The Three Little Pigs Take the SOI
Today, we’ll run through three modes of thinking, or types of intelligence, aided by our three favorite porcum.
The three types of intelligence are:
- figural thinking
- symbolic thinking
- semantic thinking
The SOI classifies these as contents.
The First Little Pig
The First Little Pig is a figural learner. He’s good at dealing with concrete information he can see, hear, and touch directly.
He builds his house out of straw. Straw has a distinct texture and is bendable. You can whistle into it to make a sound. You can weave it into a myriad of forms.
It requires dexterity and vision to build your house of straw, so let’s give him credit where credit is due. This guy could be successful in a number of hands-on careers like mechanics, plumbing, photography, and cooking, as well as architecture, engineering, and clothing design.
Does the wolf in school blow down the figural learner’s house?
Although most children begin as figural learners, schools quickly neglect this important intelligence type. Children who remain predominantly figural often have trouble learning to read, a skill requiring symbolic intelligence (see below). The SOI developed LOCAN, a glyphic language, which helps figural thinking children learn to read. These children may be bright, but in schools they are often labeled learning-disabled.
So figural learners often get their houses knocked down.
Ironically, without figural thinking our houses would all fall down or never be built at all. The natural hands-on pursuits of figural thinkers should be encouraged, and supplemented with LOCAN, and other exercises that build the other two types of intelligence.
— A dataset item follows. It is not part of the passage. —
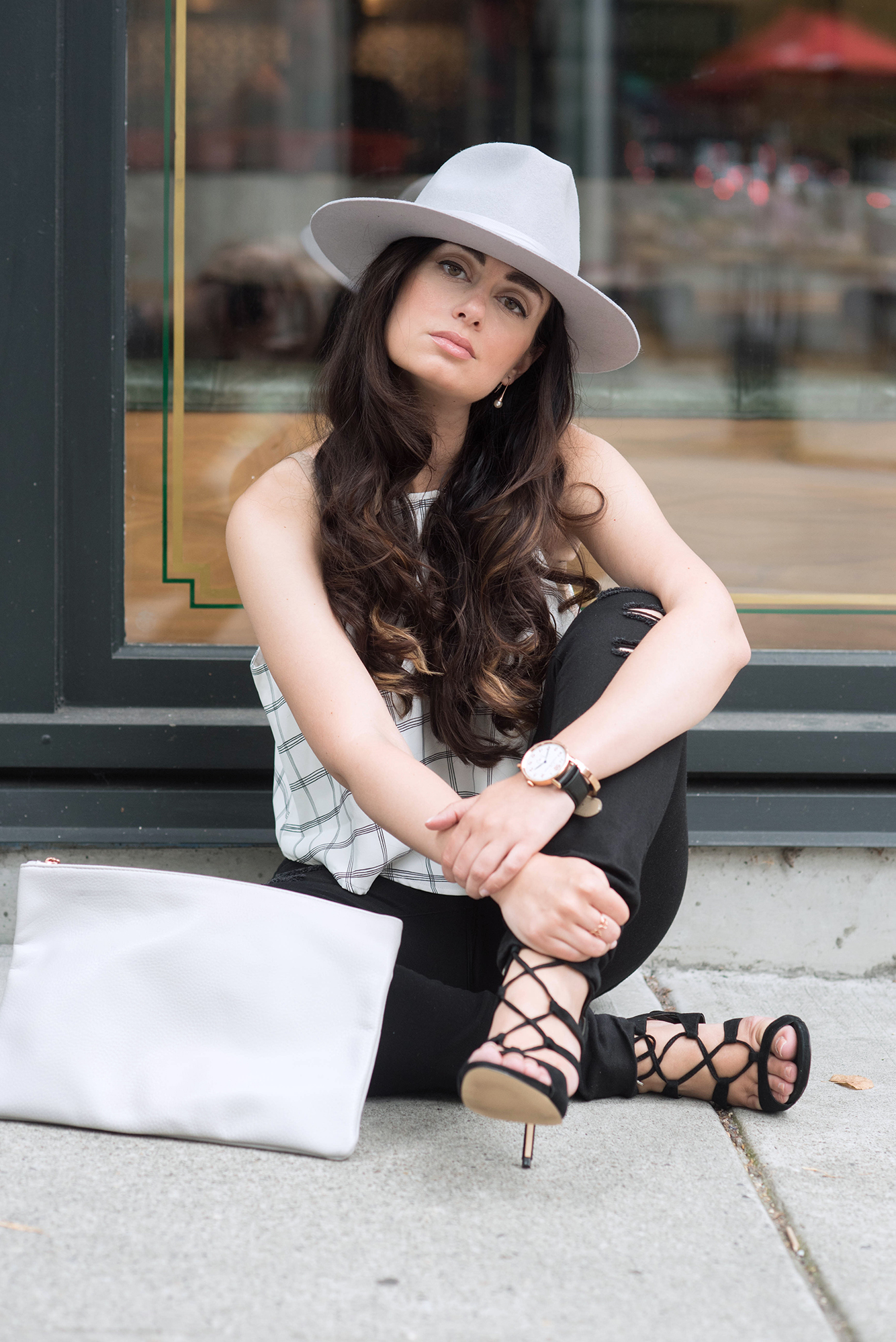 coco-and-vera-top-vancouver-fashion-blog-top-canadian-fashion-blog-top-blogger-street-style-nbd-crop-top-mavi-jeans-kate-and-mel-sandals-lack-of-color-hat-popbasic-clutch-cc-lifestyles-watch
Instead of lying in beds of straw, it allows figural thinking children to build.
By the way, the Montessori method is built around the knowledge that most young learners are figural thinkers. Montessori and SOI are wonderfully complementary teaching theories!
The Second Little Pig
The Second Little Pig is a symbolic learner. She’s good with information in notational form. She thrives in the abstract realm of symbols that have little to no apparent relation to what they represent (like a 7, which has no pictural suggestion of the concept).
She builds her house out of wood. Whereas straw is good to bend and build, wood is much better to write on. In the symbolic thinker’s house, she will preserve and transmit information by carving symbols. She won’t waste a corner turning A’s and B’s into logical syllogisms, numbers into tax reports, music into notes on a scale.
She will do well in games like Scrabble and on crossword puzzles. She will thrive as an accountant, programmer, music transcriber, electrical engineer, and proofreader.
Does her house last through school? Does the wolf blow it down?
Because early education is concerned with mastering alphabetic and numerical notations, young symbolic thinkers do well in school. Many programs teach reading with a phonetics approach, which is most suited to them, so their gifts shine early. In high school and college, they may struggle if lacking semantic intelligence, too.
So symbolic learners have strong houses early that may or may not get knocked down as they get into higher grades.
Early on, symbolic thinkers are well-adjusted, easy students. A lack in figural or semantic thinking may not reveal itself until later on. Intellectual exercises should be practiced to ensure this doesn’t happen.
The Third Little Pig
The Third Little Pig is a semantic learner, and boy can he talk a good game. He lives with his concepts and ideas.
He builds his house out of brick. Because, simply, brick is the best. Most fire-resistant, heat-protective, attractive, and sturdy. He has high comprehension. He sees the connections and the deeper meaning the rest of us mortals miss.
He is the novelist, poet, lawyer, publicist, speaker, politician, psychiatrist, and teacher. Think the nutty professor.
What is his house like in school? Can it withstand the wolf?
Funny thing, the semantic thinker’s house is often in his head, and on paper, as he learns best through sight words. His teacher’s love him for it. Semantic content forms the base for school learning. Those who juggle invisible and written ideas have the strongest structures to match our current public teaching models.
The semantic thinker has a fantastic house for school, of course. Unfortunately, it may crumble in the adult world of practical affairs.
Semantic students are the most likely to succumb to burnout. Without figural knowledge, they can’t really build the perfectly imagined house, or fix their computer that crashes in the middle of writing their novels. Without symbolic knowledge, they’ll have trouble following a multi-step project, meeting their deadlines, or handling their finances.
Therefore, even though semantic learners often do the best in school, and provide us with rich insights into life’s meaning, it’s important for them to develop some figural and symbolic intelligence early on.
The strongest brick is mixed with straw, and a house gets cold unless heated with wood. All types of intelligence are valuable, and all the better when mixed in an individual. When schools fail to recognize this or teach to all types, it builds a disequilibrium among children and adults.
The Structure of Intellect tests children and adults for their types of cognitive abilities. It also offers exercises to improve weak areas, and maintain and strengthen those that are average and better.